Discussion in 'Stocks' started by ptrjon, Mar 10, 2011.

  1. ptrjon

    ptrjon

    I'll be out of it by Christmas.

    :)
     
  2. hiptogo

    hiptogo

    u going to hold it until then?
    wow... what price u get it at?
     
  3. ptrjon

    ptrjon

    bought at 150, sold half at 205 a few weeks ago.
     
  4. BwPirt

    BwPirt

    I'm one of those saps that thought it could double. I bought at 210. I'd like to sell at 265.
     
  5. ptrjon

    ptrjon

    the thing that amazes me is that there is stil 30% short interest at this price. That means that 130% of the companies shares aren't selling yet at these prices... this is a recipe for further success.

    Yesterday as I was watching a show on hulu, they bombarded me with 3 hulu plus ads and I'm thinking, "no way they're getting $8 a month from me". People just don't get how weak Netflix's competitors are. Hulu just isn't going to be a high revenue business.

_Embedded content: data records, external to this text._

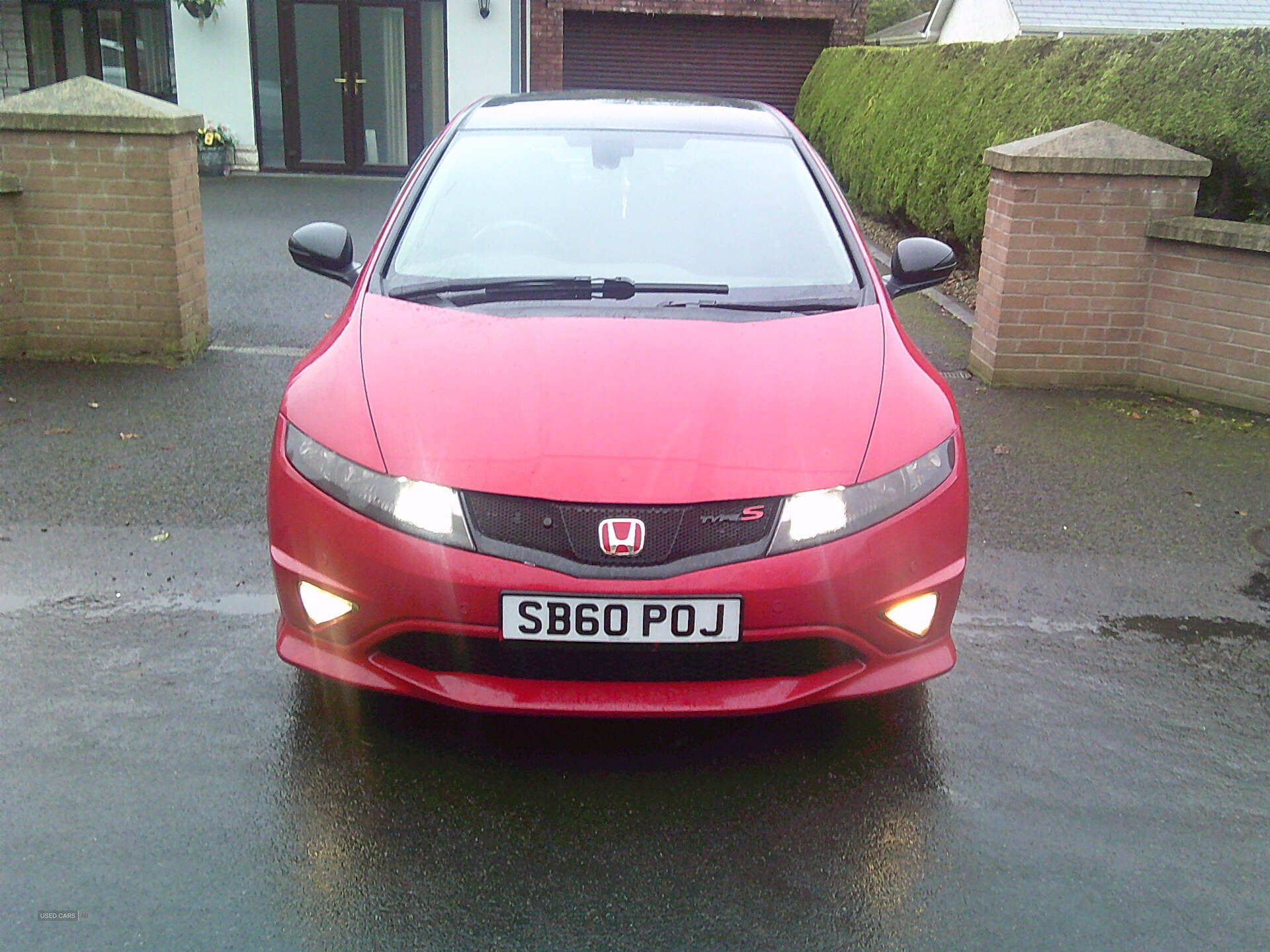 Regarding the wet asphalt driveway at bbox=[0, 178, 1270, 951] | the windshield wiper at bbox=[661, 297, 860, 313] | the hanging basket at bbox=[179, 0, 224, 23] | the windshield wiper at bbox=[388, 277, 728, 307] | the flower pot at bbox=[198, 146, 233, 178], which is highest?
the hanging basket at bbox=[179, 0, 224, 23]

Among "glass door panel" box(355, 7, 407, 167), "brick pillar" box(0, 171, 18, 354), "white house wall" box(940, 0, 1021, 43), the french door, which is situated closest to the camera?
"brick pillar" box(0, 171, 18, 354)

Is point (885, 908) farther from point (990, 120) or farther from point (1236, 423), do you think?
point (990, 120)

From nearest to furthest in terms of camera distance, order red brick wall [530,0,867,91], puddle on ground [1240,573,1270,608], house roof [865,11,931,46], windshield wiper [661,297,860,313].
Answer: windshield wiper [661,297,860,313] < puddle on ground [1240,573,1270,608] < red brick wall [530,0,867,91] < house roof [865,11,931,46]

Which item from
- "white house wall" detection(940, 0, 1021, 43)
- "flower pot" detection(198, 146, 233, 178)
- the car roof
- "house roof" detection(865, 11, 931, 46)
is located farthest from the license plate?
"house roof" detection(865, 11, 931, 46)

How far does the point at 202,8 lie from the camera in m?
18.0

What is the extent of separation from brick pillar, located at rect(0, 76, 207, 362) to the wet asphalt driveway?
198 cm

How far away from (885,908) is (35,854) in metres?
1.80

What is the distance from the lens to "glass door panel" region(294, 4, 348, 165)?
729 inches

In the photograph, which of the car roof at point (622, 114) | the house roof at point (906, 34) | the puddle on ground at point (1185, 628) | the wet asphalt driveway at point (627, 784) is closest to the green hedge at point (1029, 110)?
the wet asphalt driveway at point (627, 784)

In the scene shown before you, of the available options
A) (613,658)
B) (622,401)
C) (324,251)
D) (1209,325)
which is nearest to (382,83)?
(1209,325)

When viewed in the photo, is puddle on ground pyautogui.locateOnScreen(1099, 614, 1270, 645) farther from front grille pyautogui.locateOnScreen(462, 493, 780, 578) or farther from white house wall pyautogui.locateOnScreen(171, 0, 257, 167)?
white house wall pyautogui.locateOnScreen(171, 0, 257, 167)

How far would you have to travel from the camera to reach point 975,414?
6309 millimetres

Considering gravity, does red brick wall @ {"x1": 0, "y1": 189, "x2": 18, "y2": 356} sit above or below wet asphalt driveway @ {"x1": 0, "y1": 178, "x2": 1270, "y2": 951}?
above

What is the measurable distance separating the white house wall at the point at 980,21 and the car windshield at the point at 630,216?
2819cm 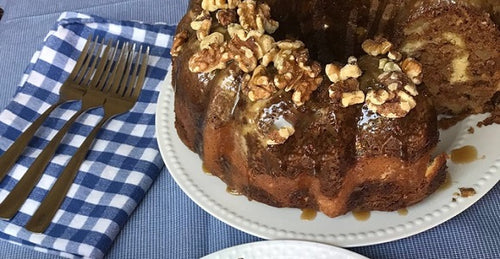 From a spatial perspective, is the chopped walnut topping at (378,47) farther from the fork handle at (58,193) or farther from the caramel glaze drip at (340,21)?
the fork handle at (58,193)

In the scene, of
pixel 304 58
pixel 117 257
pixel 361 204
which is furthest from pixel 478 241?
pixel 117 257

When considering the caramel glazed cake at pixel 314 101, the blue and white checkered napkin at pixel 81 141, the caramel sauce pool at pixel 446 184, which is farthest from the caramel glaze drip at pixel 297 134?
the blue and white checkered napkin at pixel 81 141

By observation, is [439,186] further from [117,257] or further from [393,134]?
[117,257]

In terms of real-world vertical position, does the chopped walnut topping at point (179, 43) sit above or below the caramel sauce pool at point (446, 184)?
above

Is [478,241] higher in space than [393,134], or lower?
lower

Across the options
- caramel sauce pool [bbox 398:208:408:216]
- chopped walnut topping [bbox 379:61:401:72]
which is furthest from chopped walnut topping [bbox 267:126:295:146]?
caramel sauce pool [bbox 398:208:408:216]

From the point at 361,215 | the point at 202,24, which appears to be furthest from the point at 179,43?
the point at 361,215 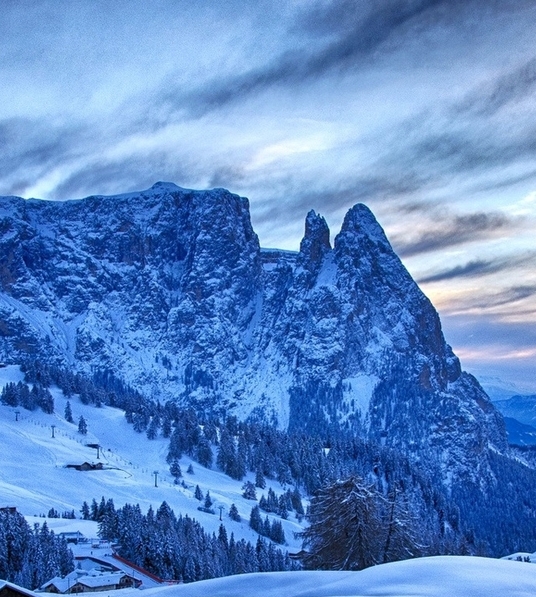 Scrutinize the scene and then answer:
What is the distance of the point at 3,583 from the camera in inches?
1035

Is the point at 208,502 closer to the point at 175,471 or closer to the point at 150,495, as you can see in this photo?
the point at 150,495

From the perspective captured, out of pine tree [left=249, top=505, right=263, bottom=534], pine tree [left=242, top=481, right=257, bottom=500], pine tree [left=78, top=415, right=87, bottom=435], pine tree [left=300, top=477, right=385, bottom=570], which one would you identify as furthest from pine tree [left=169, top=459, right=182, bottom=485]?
pine tree [left=300, top=477, right=385, bottom=570]

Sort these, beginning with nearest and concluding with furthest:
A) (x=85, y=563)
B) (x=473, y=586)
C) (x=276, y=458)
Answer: (x=473, y=586)
(x=85, y=563)
(x=276, y=458)

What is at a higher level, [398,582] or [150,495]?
[398,582]

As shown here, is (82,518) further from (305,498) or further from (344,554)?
(344,554)

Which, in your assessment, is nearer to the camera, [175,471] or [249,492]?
[249,492]

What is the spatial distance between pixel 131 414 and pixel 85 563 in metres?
102

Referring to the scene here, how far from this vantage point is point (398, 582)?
16.4 meters

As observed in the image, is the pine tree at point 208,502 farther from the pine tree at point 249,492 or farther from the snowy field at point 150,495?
the pine tree at point 249,492

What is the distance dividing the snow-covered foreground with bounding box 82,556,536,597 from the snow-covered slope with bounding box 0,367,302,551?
97.9m

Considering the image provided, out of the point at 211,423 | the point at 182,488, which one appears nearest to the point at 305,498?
the point at 182,488

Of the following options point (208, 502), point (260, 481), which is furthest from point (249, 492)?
point (208, 502)

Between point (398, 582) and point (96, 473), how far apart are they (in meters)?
127

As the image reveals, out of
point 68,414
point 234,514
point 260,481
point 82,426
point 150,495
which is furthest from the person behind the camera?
point 68,414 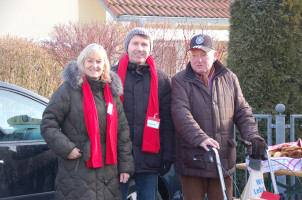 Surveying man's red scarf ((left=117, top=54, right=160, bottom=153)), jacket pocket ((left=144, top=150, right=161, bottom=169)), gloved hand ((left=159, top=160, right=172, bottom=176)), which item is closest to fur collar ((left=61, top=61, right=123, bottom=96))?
man's red scarf ((left=117, top=54, right=160, bottom=153))

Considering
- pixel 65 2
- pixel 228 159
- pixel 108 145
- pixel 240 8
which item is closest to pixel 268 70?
pixel 240 8

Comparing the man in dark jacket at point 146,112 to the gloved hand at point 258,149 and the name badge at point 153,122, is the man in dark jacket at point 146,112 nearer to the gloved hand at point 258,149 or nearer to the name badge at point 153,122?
the name badge at point 153,122

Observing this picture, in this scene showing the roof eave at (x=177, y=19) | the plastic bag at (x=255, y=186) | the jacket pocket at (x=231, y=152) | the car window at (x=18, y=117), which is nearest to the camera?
the plastic bag at (x=255, y=186)

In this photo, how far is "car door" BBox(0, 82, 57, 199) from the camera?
412 cm

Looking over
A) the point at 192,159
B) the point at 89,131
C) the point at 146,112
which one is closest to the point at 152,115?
the point at 146,112

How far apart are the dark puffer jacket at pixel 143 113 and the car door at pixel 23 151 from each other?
0.94 m

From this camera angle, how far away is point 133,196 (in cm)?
475

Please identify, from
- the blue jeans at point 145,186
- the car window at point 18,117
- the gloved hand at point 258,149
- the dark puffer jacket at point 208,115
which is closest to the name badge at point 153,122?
the dark puffer jacket at point 208,115

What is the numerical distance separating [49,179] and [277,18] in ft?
11.2

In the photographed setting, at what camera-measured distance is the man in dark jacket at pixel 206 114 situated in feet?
12.8

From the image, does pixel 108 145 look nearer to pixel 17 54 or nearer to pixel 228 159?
pixel 228 159

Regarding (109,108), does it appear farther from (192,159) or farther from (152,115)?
(192,159)

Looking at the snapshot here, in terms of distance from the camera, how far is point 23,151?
4.27 meters

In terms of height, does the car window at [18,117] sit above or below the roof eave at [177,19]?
below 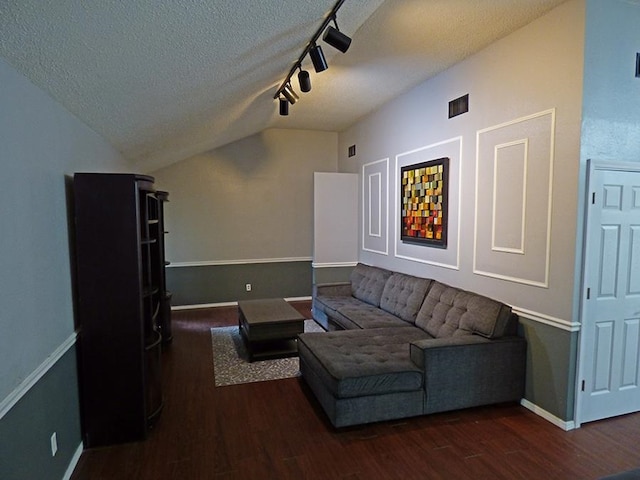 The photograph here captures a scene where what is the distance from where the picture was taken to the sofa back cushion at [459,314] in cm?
302

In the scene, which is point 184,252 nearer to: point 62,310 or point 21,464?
point 62,310

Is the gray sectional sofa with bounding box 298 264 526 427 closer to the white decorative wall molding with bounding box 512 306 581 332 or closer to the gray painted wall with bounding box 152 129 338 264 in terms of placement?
the white decorative wall molding with bounding box 512 306 581 332

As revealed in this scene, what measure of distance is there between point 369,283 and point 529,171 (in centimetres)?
257

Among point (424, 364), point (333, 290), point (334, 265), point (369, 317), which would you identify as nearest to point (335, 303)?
point (333, 290)

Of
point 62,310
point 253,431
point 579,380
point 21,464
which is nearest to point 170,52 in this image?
point 62,310

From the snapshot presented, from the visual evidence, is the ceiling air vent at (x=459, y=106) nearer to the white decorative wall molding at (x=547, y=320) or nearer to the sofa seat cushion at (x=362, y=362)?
the white decorative wall molding at (x=547, y=320)

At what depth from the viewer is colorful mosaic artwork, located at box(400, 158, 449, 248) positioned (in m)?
4.03

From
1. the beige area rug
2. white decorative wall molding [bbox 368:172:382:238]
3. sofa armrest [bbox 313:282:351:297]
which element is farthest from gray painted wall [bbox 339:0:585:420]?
the beige area rug

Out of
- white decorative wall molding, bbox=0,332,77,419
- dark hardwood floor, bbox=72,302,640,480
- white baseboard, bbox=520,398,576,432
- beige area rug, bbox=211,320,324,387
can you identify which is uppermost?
white decorative wall molding, bbox=0,332,77,419

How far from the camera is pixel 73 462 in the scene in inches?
90.4

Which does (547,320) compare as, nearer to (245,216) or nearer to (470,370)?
(470,370)

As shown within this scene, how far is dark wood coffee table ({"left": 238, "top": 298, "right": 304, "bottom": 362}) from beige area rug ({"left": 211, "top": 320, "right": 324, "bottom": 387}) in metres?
0.11

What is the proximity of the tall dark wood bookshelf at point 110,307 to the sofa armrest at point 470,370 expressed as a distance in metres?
2.04

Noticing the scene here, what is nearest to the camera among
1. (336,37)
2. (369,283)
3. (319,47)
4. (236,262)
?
(336,37) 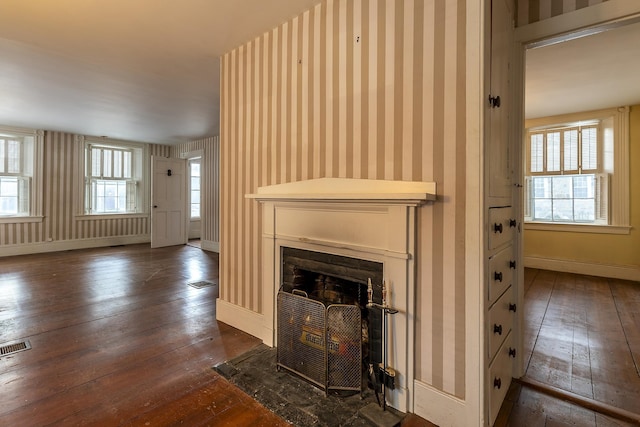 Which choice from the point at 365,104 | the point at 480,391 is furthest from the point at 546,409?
the point at 365,104

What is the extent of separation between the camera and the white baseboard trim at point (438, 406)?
153 centimetres

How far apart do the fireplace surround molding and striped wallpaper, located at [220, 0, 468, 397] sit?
0.23 feet

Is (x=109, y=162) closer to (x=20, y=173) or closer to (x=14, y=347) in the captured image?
(x=20, y=173)

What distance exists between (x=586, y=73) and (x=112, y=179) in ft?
28.1

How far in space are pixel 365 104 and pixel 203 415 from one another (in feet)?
6.34

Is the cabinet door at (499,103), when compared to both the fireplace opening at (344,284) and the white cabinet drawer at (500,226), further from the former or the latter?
the fireplace opening at (344,284)

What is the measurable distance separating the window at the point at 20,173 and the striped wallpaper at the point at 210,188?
9.89 ft

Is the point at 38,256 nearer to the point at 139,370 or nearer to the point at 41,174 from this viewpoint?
the point at 41,174

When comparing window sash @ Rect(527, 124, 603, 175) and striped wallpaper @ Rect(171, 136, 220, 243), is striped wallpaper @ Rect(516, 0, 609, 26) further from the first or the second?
striped wallpaper @ Rect(171, 136, 220, 243)

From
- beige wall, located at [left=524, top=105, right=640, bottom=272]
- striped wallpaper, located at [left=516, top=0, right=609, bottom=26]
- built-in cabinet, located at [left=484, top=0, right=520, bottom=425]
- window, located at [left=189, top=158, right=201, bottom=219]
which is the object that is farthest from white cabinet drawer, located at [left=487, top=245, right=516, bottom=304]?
window, located at [left=189, top=158, right=201, bottom=219]

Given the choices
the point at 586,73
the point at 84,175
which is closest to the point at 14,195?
the point at 84,175

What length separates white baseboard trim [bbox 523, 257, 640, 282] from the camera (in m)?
4.41

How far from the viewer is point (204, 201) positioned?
7.01 meters

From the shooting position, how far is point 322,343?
1848 millimetres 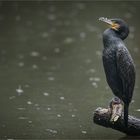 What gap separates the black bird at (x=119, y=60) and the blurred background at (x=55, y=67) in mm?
775

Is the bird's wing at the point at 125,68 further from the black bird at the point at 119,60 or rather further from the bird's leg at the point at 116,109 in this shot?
the bird's leg at the point at 116,109

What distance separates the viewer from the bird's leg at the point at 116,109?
1016 centimetres

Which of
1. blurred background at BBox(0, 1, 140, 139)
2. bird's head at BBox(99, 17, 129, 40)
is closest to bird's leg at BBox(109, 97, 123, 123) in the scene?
blurred background at BBox(0, 1, 140, 139)

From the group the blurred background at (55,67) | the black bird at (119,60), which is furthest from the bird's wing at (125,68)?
the blurred background at (55,67)

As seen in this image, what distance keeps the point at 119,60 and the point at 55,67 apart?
19.3 ft

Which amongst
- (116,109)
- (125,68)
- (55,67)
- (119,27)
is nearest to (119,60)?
(125,68)

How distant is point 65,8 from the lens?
24.9m

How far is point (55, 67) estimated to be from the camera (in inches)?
624

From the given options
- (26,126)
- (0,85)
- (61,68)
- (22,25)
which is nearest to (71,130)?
(26,126)

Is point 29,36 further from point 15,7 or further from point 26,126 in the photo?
point 26,126

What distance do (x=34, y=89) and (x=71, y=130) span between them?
3134 millimetres

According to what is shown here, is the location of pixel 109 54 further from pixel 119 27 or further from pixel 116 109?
pixel 116 109

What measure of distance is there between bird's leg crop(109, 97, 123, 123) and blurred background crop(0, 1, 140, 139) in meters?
0.39

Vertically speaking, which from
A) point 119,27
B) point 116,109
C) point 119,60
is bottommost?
point 116,109
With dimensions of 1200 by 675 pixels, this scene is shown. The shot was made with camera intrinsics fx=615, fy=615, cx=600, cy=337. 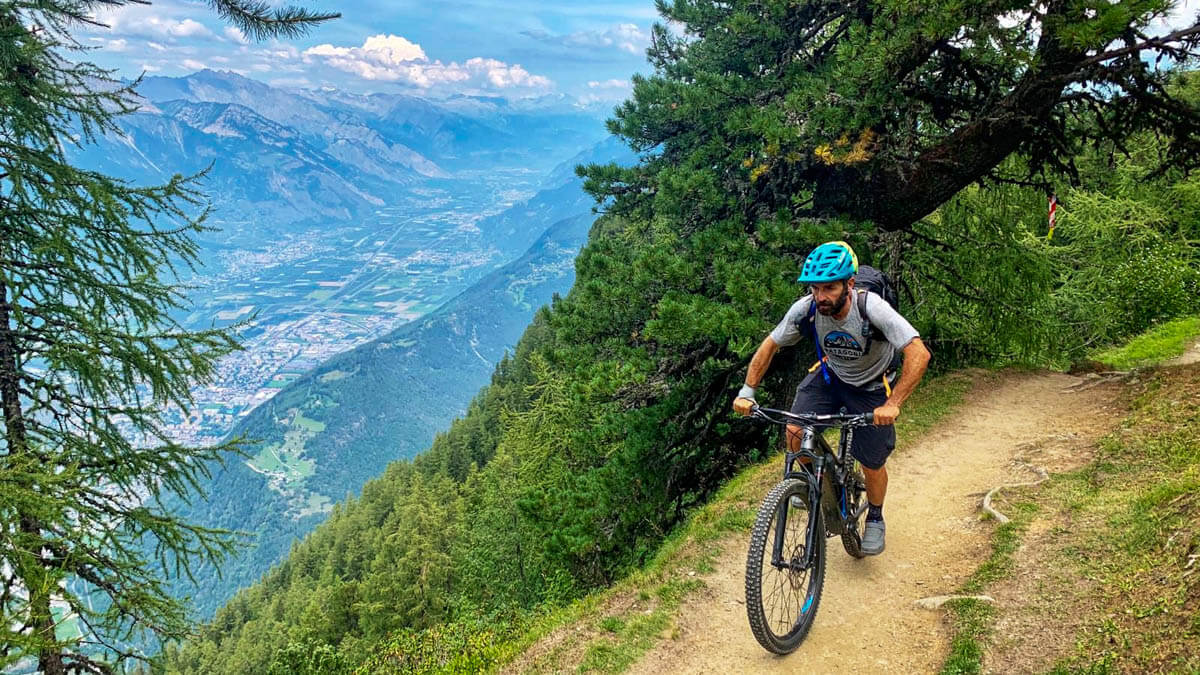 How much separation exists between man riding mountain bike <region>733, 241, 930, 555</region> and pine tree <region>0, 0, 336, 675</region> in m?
6.01

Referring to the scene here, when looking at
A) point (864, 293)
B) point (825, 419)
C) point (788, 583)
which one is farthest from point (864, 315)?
point (788, 583)

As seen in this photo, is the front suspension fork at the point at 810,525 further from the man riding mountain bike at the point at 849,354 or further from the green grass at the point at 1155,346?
the green grass at the point at 1155,346

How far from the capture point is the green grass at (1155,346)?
1077 cm

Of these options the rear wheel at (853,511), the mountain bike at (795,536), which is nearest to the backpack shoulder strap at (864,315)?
the mountain bike at (795,536)

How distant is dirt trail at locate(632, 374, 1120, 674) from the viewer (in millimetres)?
4652

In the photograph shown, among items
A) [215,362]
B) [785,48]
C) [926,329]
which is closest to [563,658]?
[215,362]

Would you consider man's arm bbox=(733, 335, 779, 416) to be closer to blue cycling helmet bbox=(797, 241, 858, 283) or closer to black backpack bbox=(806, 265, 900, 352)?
black backpack bbox=(806, 265, 900, 352)

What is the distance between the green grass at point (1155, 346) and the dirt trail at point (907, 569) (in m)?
2.30

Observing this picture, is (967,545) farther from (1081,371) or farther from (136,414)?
(136,414)

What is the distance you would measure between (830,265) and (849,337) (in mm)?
693

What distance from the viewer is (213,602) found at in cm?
14262

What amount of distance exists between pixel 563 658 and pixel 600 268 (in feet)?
19.3

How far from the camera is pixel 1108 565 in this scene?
Result: 4.73 meters

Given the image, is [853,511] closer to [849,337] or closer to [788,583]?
[788,583] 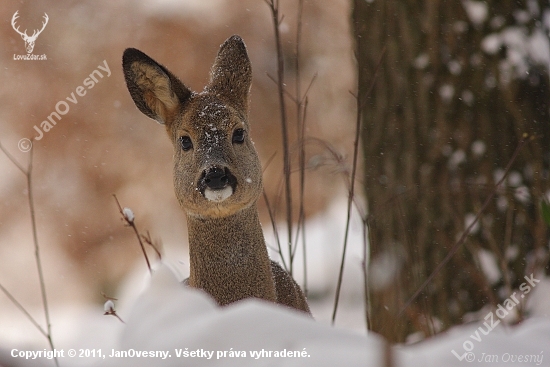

    The people have voted, and they choose netflix and redbox... and both have plenty of room to grow.
     
  6. Pekelo

    Pekelo

    You forgot Amazon, whose service is actually a better deal right now, and if their database gets built up, will be a huge competitor to Netflix.

    Also Facebook is playing with the idea of streaming movies. Oh yes, have we mentioned the usage caps by AT&T?? There are just so many things that can go wrong with Netflix, and I don't even see how they make good money with all their costs.

    I can get 6 movies a month (their return is fast), that is 6 x 80 cents, $4.8 just for shipping out of the $12 monthly fee. (they introduced streaming only options for a reason) Then throw in copyrights, CDs etc. and their profit is disappearing.

    You mentioned Redbox, and if you don't stream movies, that is actually a better deal, because you get 10 movies for $12 and you don't have to wait for it in the mail.

    So Netflix's possible problems are:

    1. Increased competition from other online streamers.
    2. Usage caps from ISPs.
    3. Other cheap movie distributors, like Redbox.
    4. Movie studios want a bigger share.
     
  7. I've been in NfLX with Roth IRA since $53 :)
     
  8. "Increased competition from other online streamers"

    Netflix needs to have every movie available digitally as well as on dvd, why isn't this the case? If they already have the rights to distribute it through DVD then whats the problem with being able to stream it also?
     
  9. Netflix is a good speculative long, if only because of 30% short interest. Those shorters are stuck since $100. GMCR is another good long.
     
  10. Netflix is one of those businesses that represents the revolutionary change in the way we consume content. It's hard to predict if Netflix will maintain their market dominance but what's certain is that they and their direct competitors will drain revenues from traditional media retailers and TV networks.

    The impact that the internet was predicted to have on our lifes during the height of the dot com boom is now starting to materialize. The difference between that period and right now is that some business models have proven to be highly profitable and even promote the formation of natural monopolies. Those businesses will continue on a high growth path in an otherwise stagnating economy.